▶ _Work item_: Pictures are to be dropped, and only the lines from the one containing "Trung Quốc chuẩn" through the end of the data below are to be reproduced as written.

▶ _Extracted entries_:

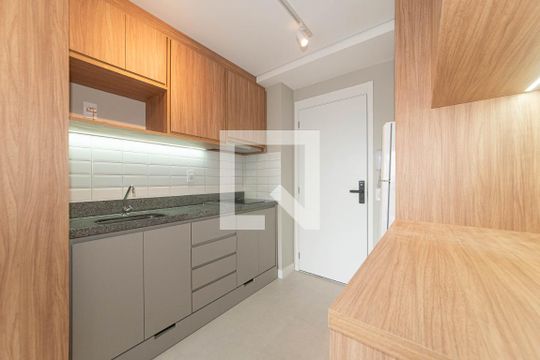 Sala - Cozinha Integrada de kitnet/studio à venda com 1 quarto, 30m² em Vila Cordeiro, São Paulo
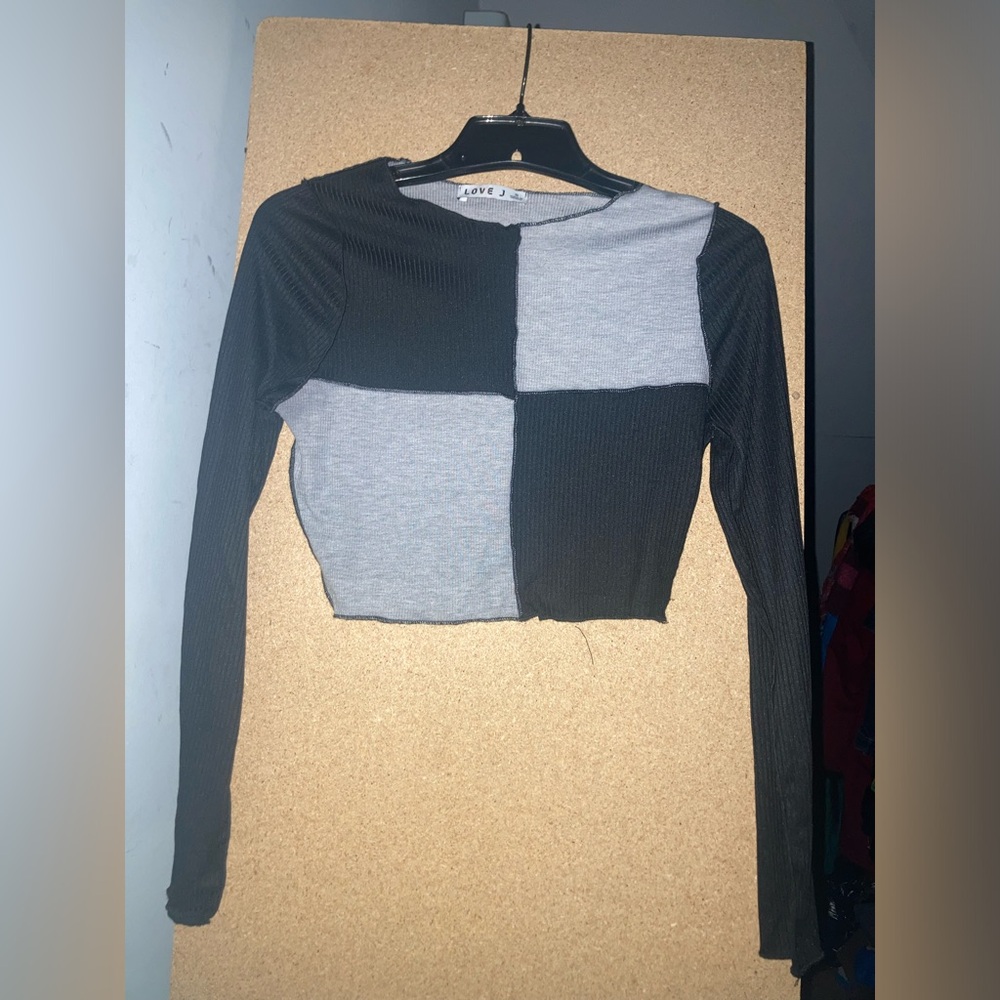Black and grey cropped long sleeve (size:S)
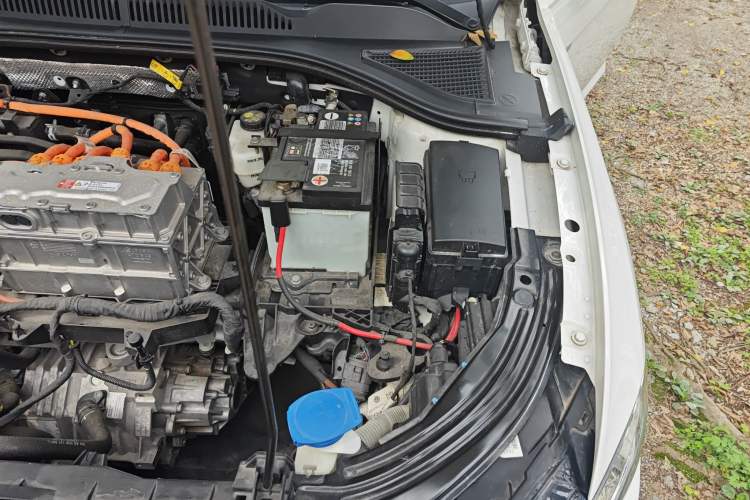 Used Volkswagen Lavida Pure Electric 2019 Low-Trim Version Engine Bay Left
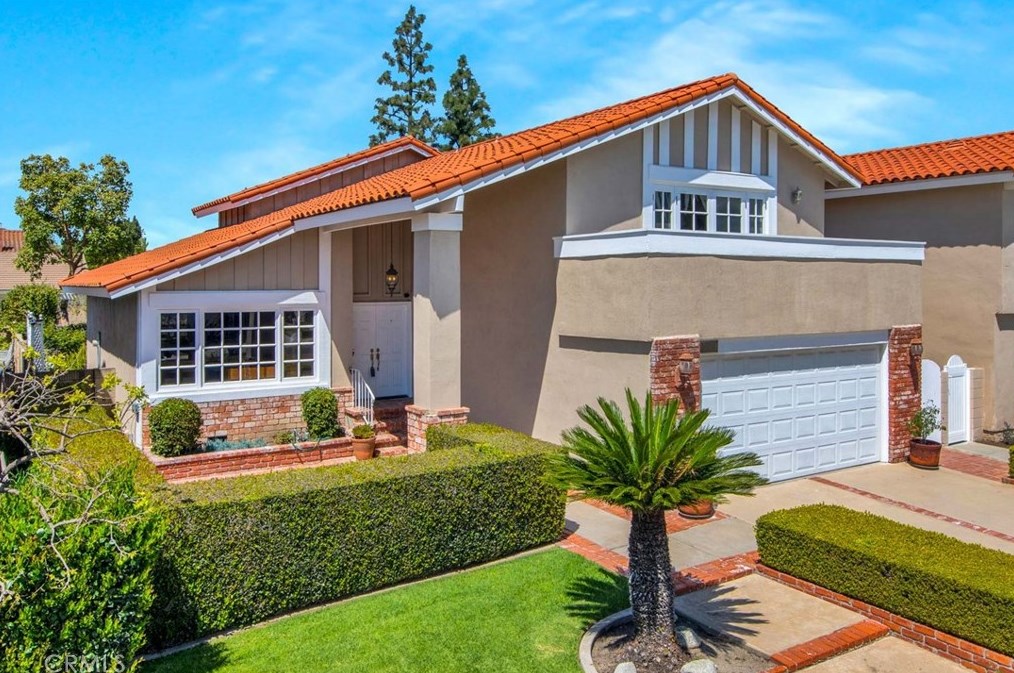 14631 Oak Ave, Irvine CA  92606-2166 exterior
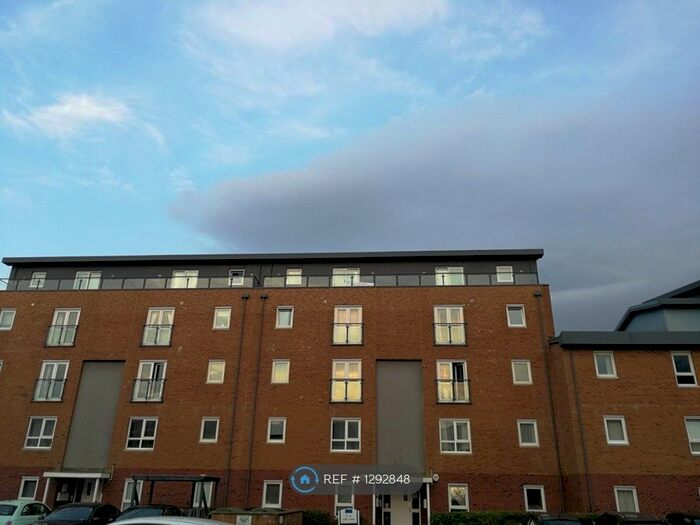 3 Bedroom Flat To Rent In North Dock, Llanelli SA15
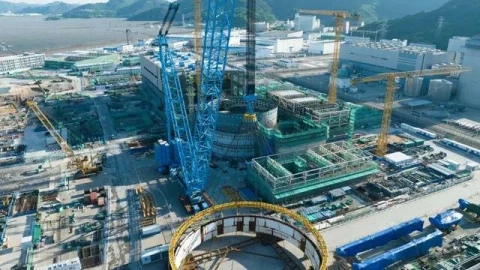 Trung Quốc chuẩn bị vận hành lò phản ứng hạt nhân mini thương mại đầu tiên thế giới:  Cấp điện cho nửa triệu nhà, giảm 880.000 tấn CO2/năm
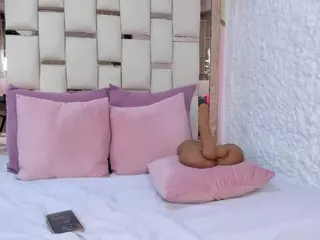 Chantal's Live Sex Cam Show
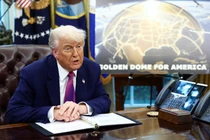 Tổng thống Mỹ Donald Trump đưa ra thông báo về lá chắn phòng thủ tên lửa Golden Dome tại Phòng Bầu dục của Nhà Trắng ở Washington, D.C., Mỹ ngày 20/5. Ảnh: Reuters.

▶ _Your response_:
 Trung Quốc chuẩn bị vận hành lò phản ứng hạt nhân mini thương mại đầu tiên thế giới:  Cấp điện cho nửa triệu nhà, giảm 880.000 tấn CO2/năm
 Chantal's Live Sex Cam Show
 Tổng thống Mỹ Donald Trump đưa ra thông báo về lá chắn phòng thủ tên lửa Golden Dome tại Phòng Bầu dục của Nhà Trắng ở Washington, D.C., Mỹ ngày 20/5. Ảnh: Reuters.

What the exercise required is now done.